Nordic sustainable and socially responsible investing – an old habit in a strong ESG* environment


The Nordic region is widely known for having adopted socially responsible investing (SRI) very early, although we did not have a specific designation for it back then. SRI has a long history in the Nordics, where the first funds saw light in the 1980ies. Where does this come from and what does this mean for an investor?


Why did the Nordics start so early with sustainable and socially responsible business?

It is difficult to find a point in time, but the people’s relationship with and dependency of the nature seems to be a good place to start. At times, it was a very hard struggle in the north with harsh winters could be one factor.
This led to community interests being prioritised over individual interest, despite being a region where individual freedom developed early. We can still see this in the Nordics, particularly in Sweden where the consensus decision model is very developed. We also have a phenomenon called “the law of Jante” that is hitting down on the individual interest to the benefit of the group interest. Although the author vas ironic when writing it, it describes well a Nordic societal element.

How did the Nordic sustainable and socially responsible business develop?

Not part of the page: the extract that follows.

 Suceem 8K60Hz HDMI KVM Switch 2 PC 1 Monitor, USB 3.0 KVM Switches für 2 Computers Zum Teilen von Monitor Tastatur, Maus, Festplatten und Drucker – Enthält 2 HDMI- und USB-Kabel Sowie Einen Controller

The political attitude towards sustainability and social responsibility has been strong for a long time. In the Nordics, we have been early with women’s right to vote, with creation of same opportunity for all, with combatting bribes and indifferences, and with environmental protection. The result is that we in this region have old habits and strict laws regulating behavior in a sustainable and socially responsible way. The Nordic politicians and NGOs have always been very vocal on the international scene, whether it was to stop apartheid, fight pollution or to negotiate peace deals.

This has led to Nordic official and semi-official institutions having very strict requirements on their providers in terms of sustainability and responsibility.

So no surprise that most Nordic companies have adopted since a long time practices and governance that ensures their high-level delivery on sustainability and social responsibility. This has transmitted over to private business at large, as many companies are providers to both the public and the private sphere of the economy. This is clearly visible in the annual report of Nordic companies, a delight for an ESG analyst.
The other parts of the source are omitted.